みんなのケータイ

 前回書いたとおり、Androidを搭載したフィーチャーフォン(ガラホ)「AQUOS K SHF31」を使っている。1カ月も経過すると、良くも悪くも当初とは違う印象を持つようになったので、今回はその話。

 まずは良さ。これはスタミナが第一。フィーチャーフォン風とはいえAndroidである。フィーチャーフォンとまったく同じのようにはいかないだろう、という予想だったのだが、モバイルデータ通信をオフにした状態で閉じたまま、という端末に大変有利な条件ではあるものの、放置したままでも2週間ほど電池が残っていた。省電力設定を施したスマホでもこれは無理じゃないですか。

最後の充電から13日後……まったく使わなければ2週間は平気で電池が持つ
通信速度もチェックしてみたが、横浜駅周辺で15Mbpsと、LTEの実測値としてはスマホと同程度だと分かった

 では普通に使って電池の消費はどうか。これは電車で毎日30分使うと3日で40%弱の減少。このペースなら1週間は持ちそうだ。もちろん、たかが電車で30分だから、スマホ並にブラウジングでもすれば、あっという間に減るだろう。

 だが、そうはならない。それが実はこのガラホの“弱点”でもある。ブラウジングをしていても、タッチパネルではないから、操作がだんだんと億劫になっていく。PCサイトの表示が多いから画面が小さく、さらに文字が小さい。かといって拡大をするとスクロールが面倒だ。もちろんかつてのフルブラウザとかPCサイトビューアーなどよりもはるかに快適ではある。Webページの表示も早い。

 それでも画面をタップするという、直感的なスマホの操作を知った今では、ガラホの操作は面倒なのだ。記事を深く読むことは無くなり、見出しをざっと読み流すようになる。使用時間を自然と抑えられるのでスマホ中毒の“解毒”には良いかもしれないが、快適にWebページをいつまでも見る、それによって情報を多く得られる、楽しめるという利便性は無い。

 もう一つ、これは盲点だったのだが、外出先で便利なはずの「au Wi-Fi SPOT」に全然つながらない。

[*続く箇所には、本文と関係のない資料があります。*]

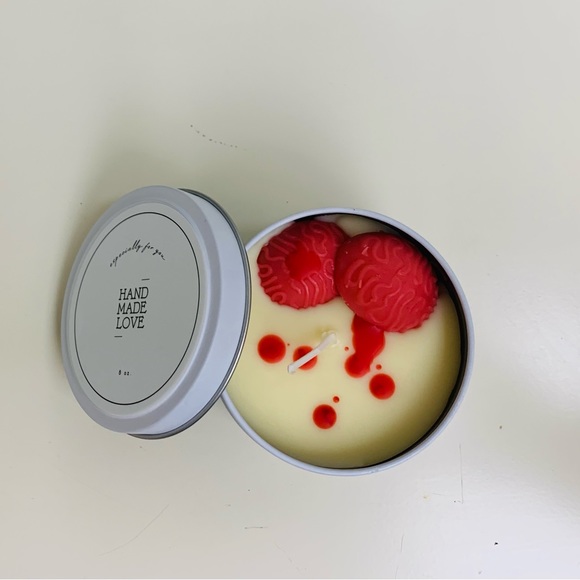 Holloween Zombie candle - Picture 2 of 3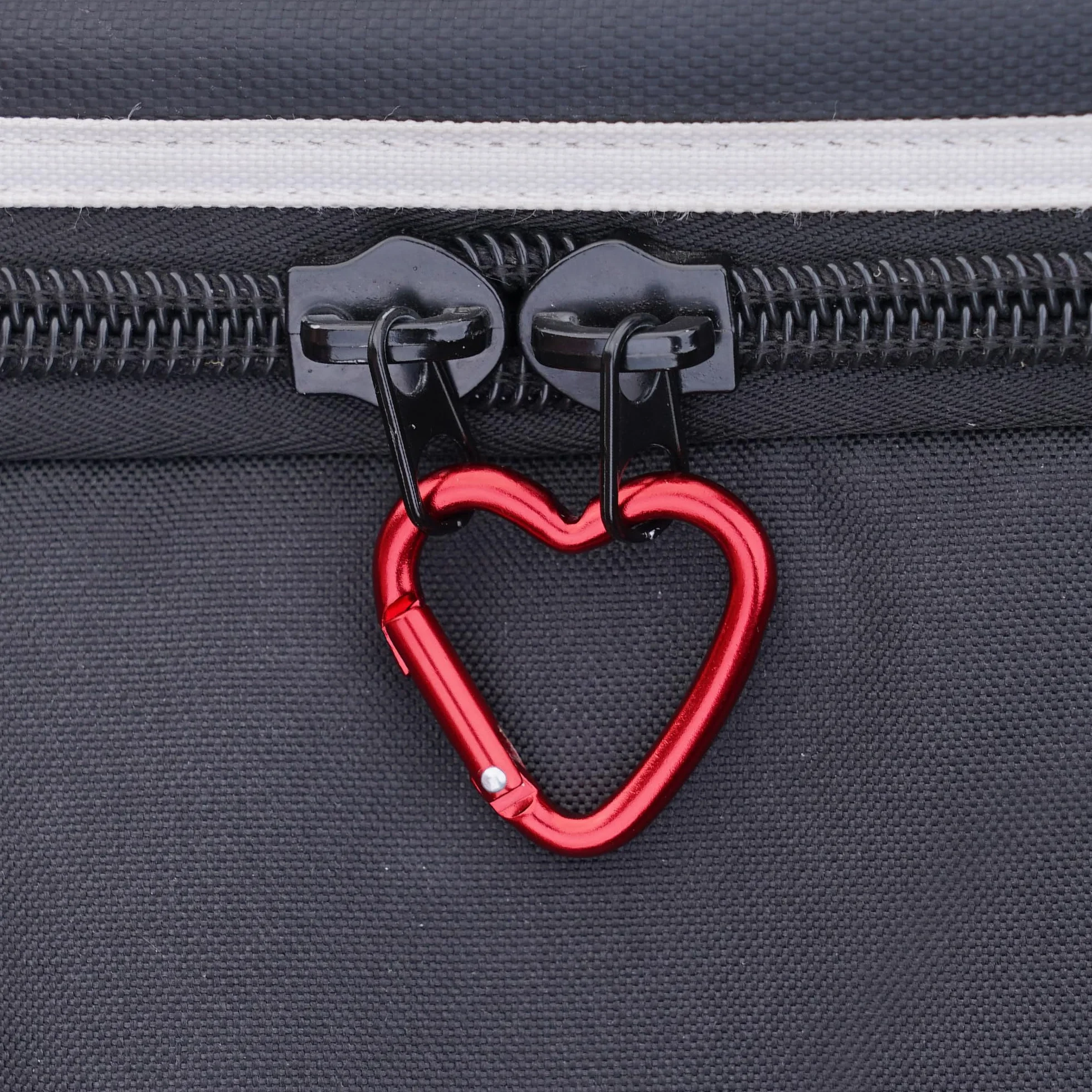 Munkees Mini Carabine Cardiaque Porte-clés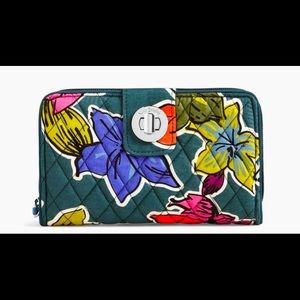 NWT Vera Bradley Turnlock Wallet Falling Flowers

というのも最近のスマホなら5GHz帯の無線LANスポットにもつながるのだが、SHF31は2.4GHz帯の無線LANにしか対応していない。そのせいでつながらないスポットが多いようだ。

 スマホのテザリングやモバイルWi-Fiルーターが無いなら、外出先ではやっぱりモバイルデータ通信を有効にしたほうが良さそう……。というわけで、夢のパケット定額500円生活のハードルが上がった。

他にもこの1カ月でいろいろ試した。auのスマホ(非VoLTE)のSIMを挿してみると、ちゃんと通信が可能。さらに64GB microSDXCを挿してみた(それもキングストンのUHS-I、スピードクラス3、4K動画撮影可能という高機能過ぎのmicroSD)。……もちろん認識すらしない。ええ、分かってましたが

 カメラも遅い。最近のスマホが早すぎるのだろうが、ピント合わせに、シャッターを切るのに、時間がかかる。フィーチャーフォンと比べれば悪くないんだろうけど……。

 スタミナ以外の良さとしては、「安定感」が◎。「Android OS=不具合頻発」というネガティブなイメージを、Androidスマホを使ったことが無い人(あるいは使っている人もか)は持っているかもしれないが、ほんと使っていて何も起きない。

 筆者の持っているAndroidスマホと比べたらまさに雲泥の差で、勝手に再起動することも、固まることも無い(筆者のスマホではよく起こる。昨年の発売から1年ちょっとだというのに)。発熱もせいぜいが「温かい」程度。小さく片手操作で使えるのは、ラッシュ時の電車内で便利(使うな、という意見もあろうが)だ。しっかり握って操作できる安心感は素晴らしい。

 Android搭載とはいえ、ガラホはやっぱり圧倒的にフィーチャーフォン。スマホのように使うことは期待できないが、フィーチャーフォンの良さはしっかり受け継いでいる。“ガラケー”の良さを理解している人なら、ガラホもちゃんと使いこなせるし、オススメだと言える。